As you’ve probably noticed in my two proceeding posts (introduction and purposes) on meetings, I don’t particularly enjoy them. During those times of my life that I have worked for companies large and small, I usually felt that meetings were something like the sands of productivity relentlessly falling through the hourglass, except that I couldn’t reverse the flow by turning over the apparatus. For me it was simple: the combined portion of the salaries of all the individuals present expended on the meeting needed to make up for the time spent by becoming greater than the sum of its parts, solving a critical issue, or some other means which would make that investment in time worthwhile. Meetings are very expensive and I generally felt and still feel that they aren’t usually worth it. You should always keep this in mind when you read anything I write about meetings. I maintain a presumption against them, but that presumption certainly can be rebutted.
When it is necessary to meet; when you do have a clear purpose of the meeting that has been clearly communicated; when you have successfully encouraged meaningful participation and preparation; how do you conduct a successful meeting? There are loads of blog posts, treatises, articles, upon heaps of information out there as to how to do this, but perhaps unsurprisingly, most of it can be boiled down to several basic and relatively intuitive guidelines.
If you do any looking at all, you’ll find the same general set of guidelines for effective meetings:
1. Maintain agendas with time limits
2. Follow the agendas, including the time limits (e.g. use a timekeeper).
3. Ensure adequate preparation for the meeting
4. Respect all opinions presented during the meetings
5. Keep a record (minutes), including action items
6. Ensure follow through, including action items (See #3)
Keeping time is the easiest thing to do that no one does. A list without time limits is not an agenda—it’s a list. If you don’t include time limits, there is no way you’ll be able to properly determine the worth of the time spent on each particular agenda item. If you don’t keep time, there is simply no reason to write an agenda. If the group doesn’t have a concept of how much time is available for an agenda item, it will probably take more than it should. (If it doesn’t, it’s simply luck.) Humans generally don’t hold something in high regard when they don’t need to give anything up to acquire it. Stated otherwise, if we don’t pay for it, we don’t value it.
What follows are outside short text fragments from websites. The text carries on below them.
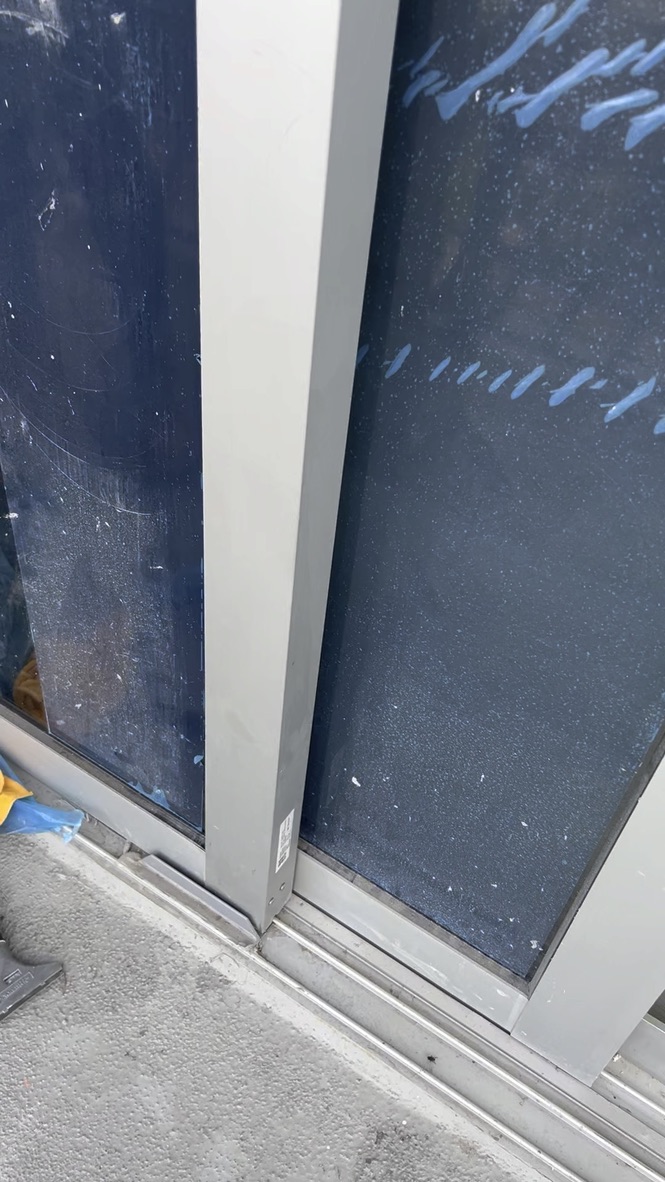 Construction dust, paint marks and residue on apartment sliding glass before cleaning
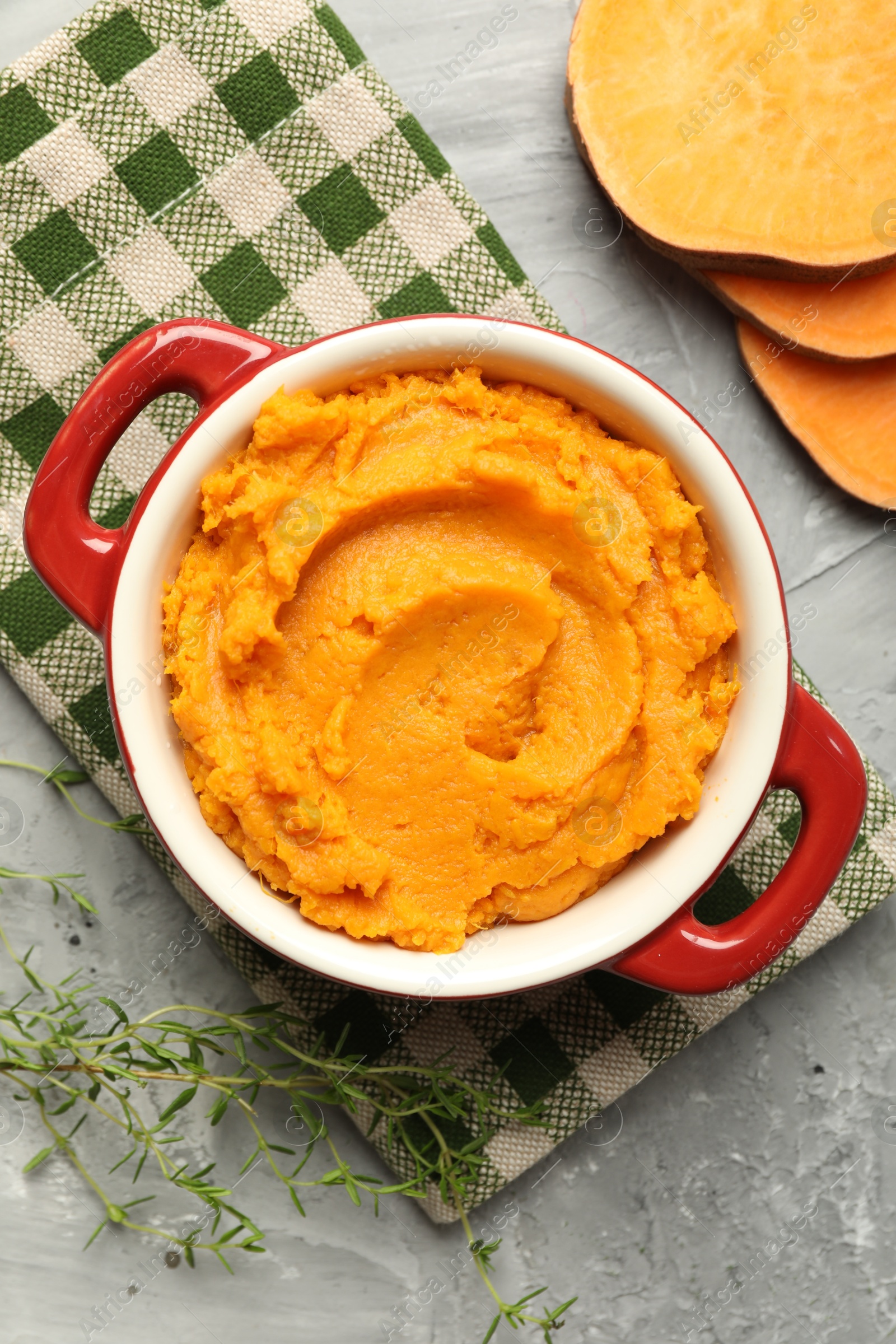 Photo of Delicious mashed sweet potatoes in pot, vegetable and microgreens on grey table, top view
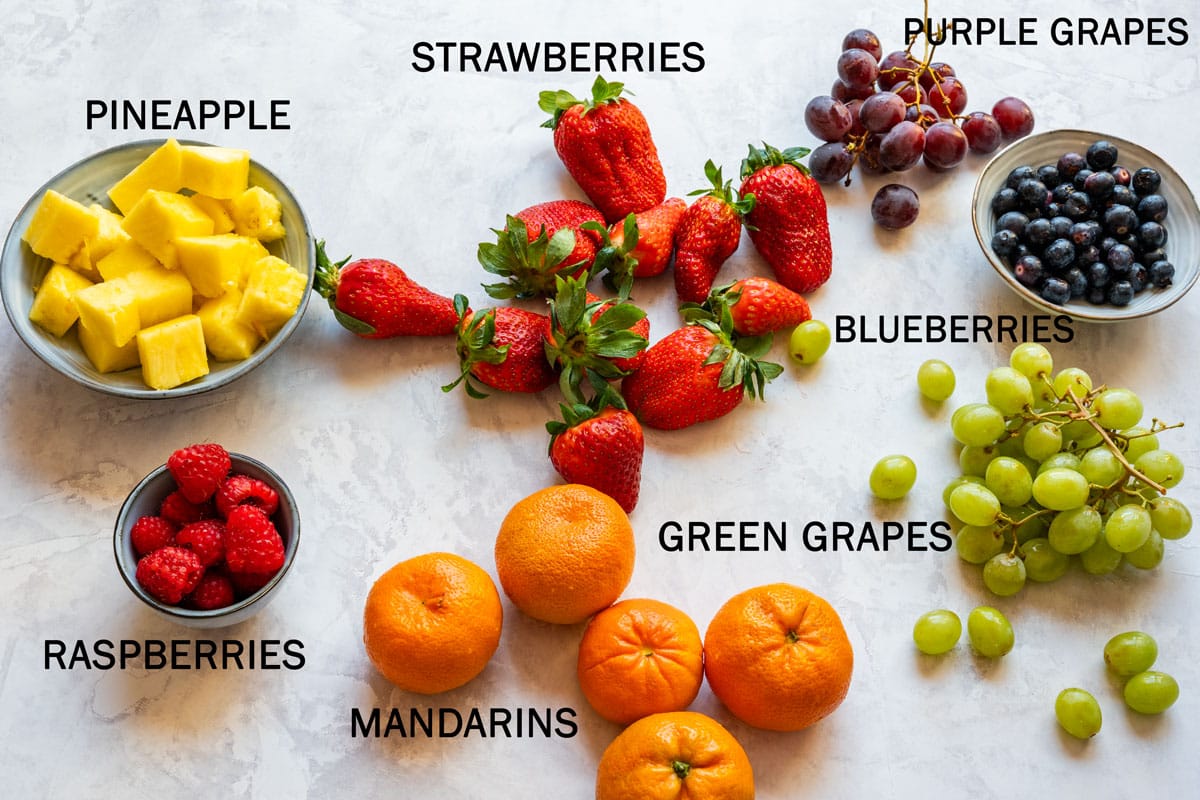 Fruit platter ingredients with strawberries, raspberries, mandarins, pineapple, blueberries, green grapes and purple grapes.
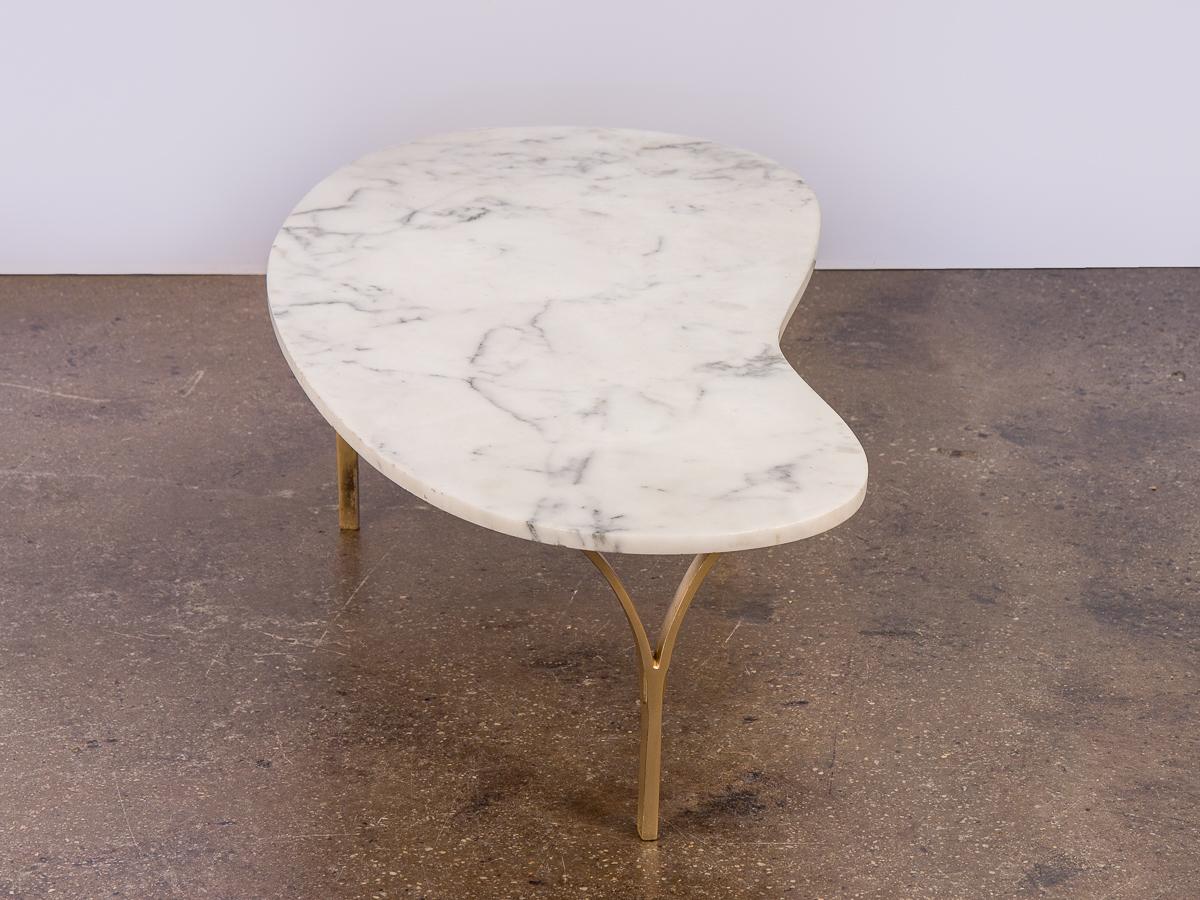 Organic, biomorphic marble coffee table. Minimal design features three curved brass legs, and a gorgeous, expansive white marble top that is very clean. In excellent vintage condition.
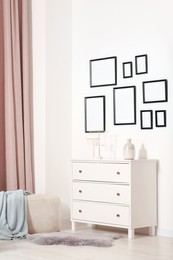 Photo of Empty frames hanging on white wall, chest of drawers and ottoman indoors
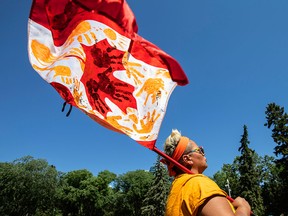 A woman takes part in a march held in memory of the children who attended Indigenous residential schools, on Canada Day in Edmonton, July 1, 2021.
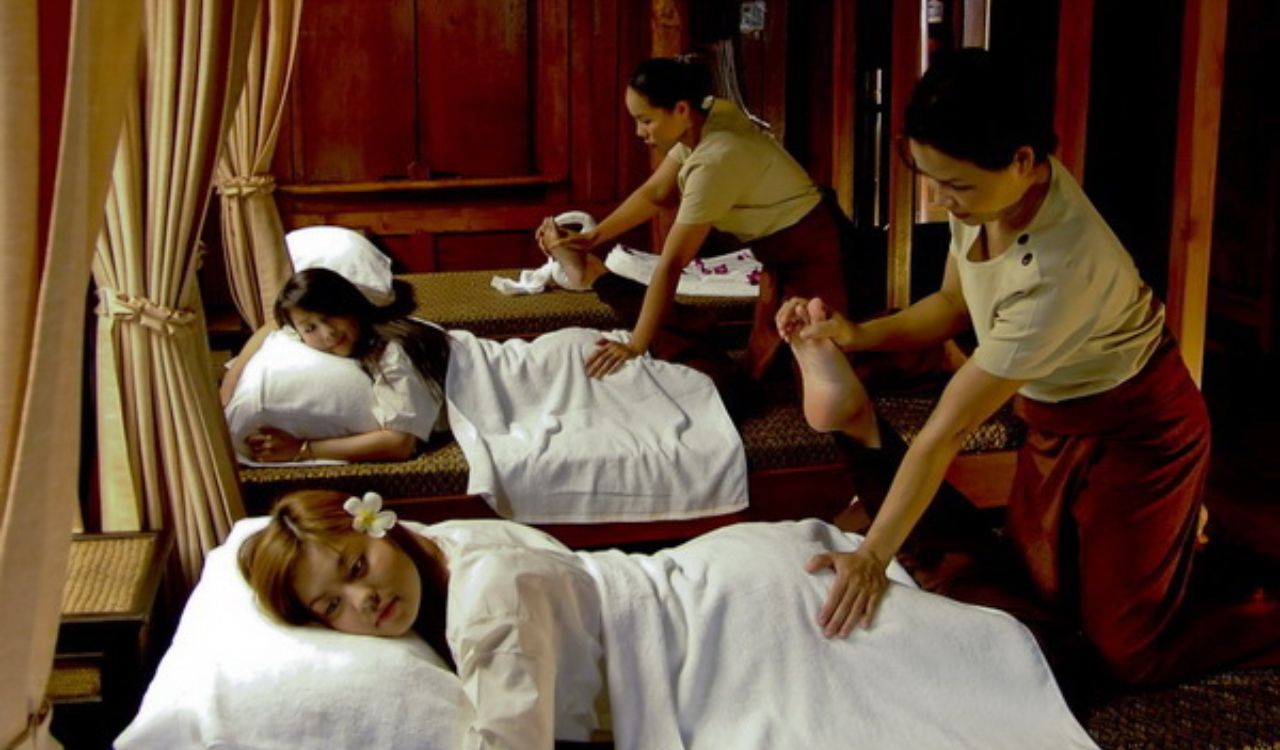 Women receiving traditional Thai massages in a serene wooden spa setting with therapists performing stretching techniques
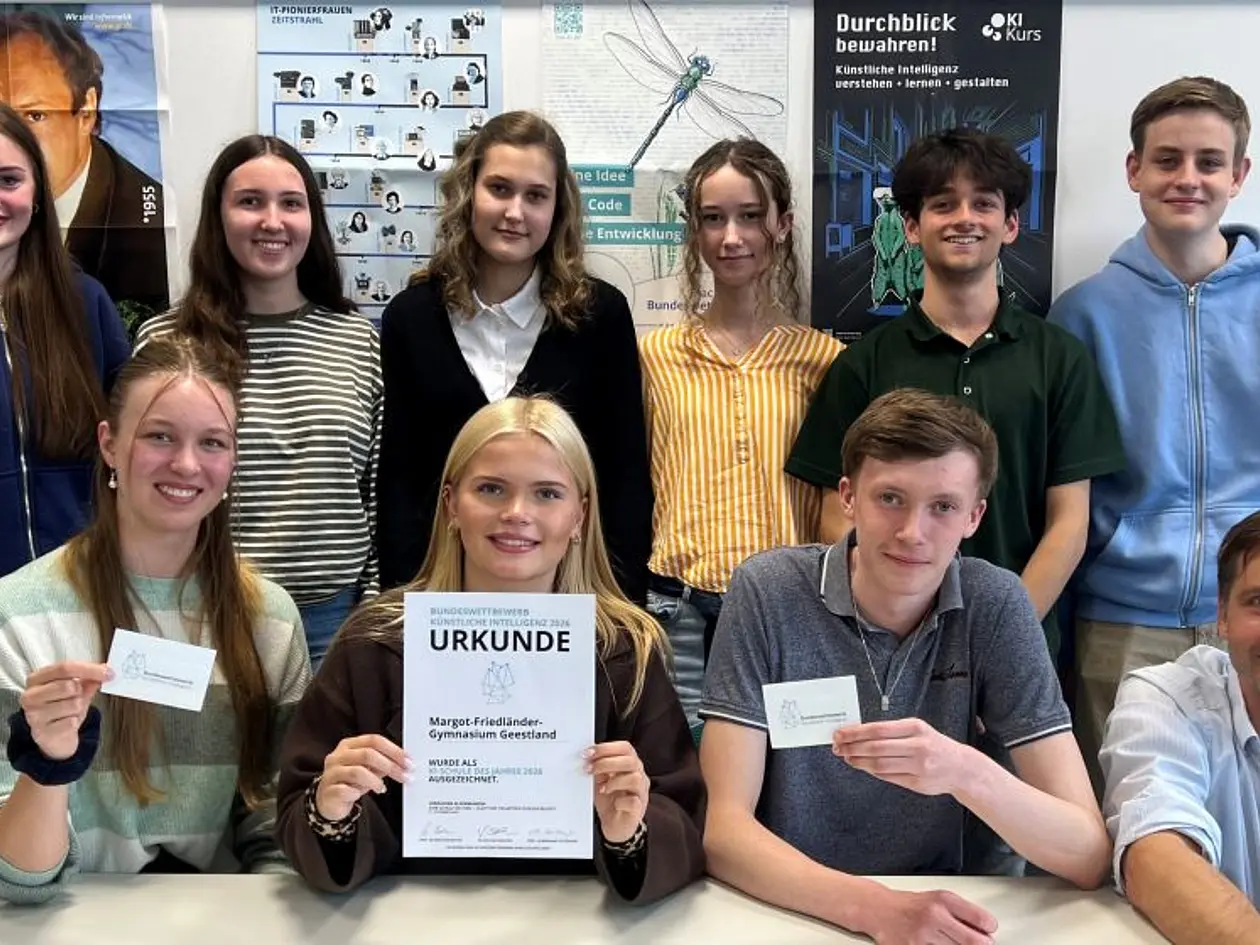 Neun Schülerinnen und Schüler in zwei Reihen hintereinander mit ihrem Lehrer. In der Mitte zeigt eine Schülerin die Urkunde.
Thus it is with time: if someone isn’t pointing it out its passage, we probably won’t notice it. (That doesn’t mean you can’t suspend the time if necessary, but you should always make that a conscious decision.) All of these issues are critically interrelated and on full display in every single meeting across the land—from the suburban office park to the skyscraper. In days of paper thin margins, why not get the maximum return for your meetings?
An effective meeting doesn’t happen because people took a few steps or followed a few rules, but if the expectation is there from not only the leader, but all meeting participants, you’ll likely be able to encourage the recalcitrant members to using meeting time effectively. For me, this is basic respect among all members of the team. There are always excuses for lack of preparation and I’ll leave it to you individuals in your particular organizations to determine whether that lack of preparation is symptomatic of other, more serious issues.
The above are some basic ground rules and tips that any group can follow but there is a larger question of the incremental improvement that develops over time. Unless these guidelines are internalized instantaneously which is unlikely, you’re probably not going to notice a huge change after the first try. (These guidelines will probably be a turnoff for those who aren’t accustomed to them.) As your group embarks on the learning curve, meetings will probably be more painful, but meetings are very expensive allocations of your company’s assets and you should properly value them before and during those allocations. The suggested improvements I am advocating develop over time, and just as people in a meeting subsume themselves into another organism that I liken to a sluggish amoeba, that amoeba needs time to orient and direct itself. With time and sufficient dedication, your group amoeba evolves into something less repulsive and perhaps even pleasant. On the latter, I have my doubts; but that doesn’t mean the meetings can’t be effective even if they remain repulsive.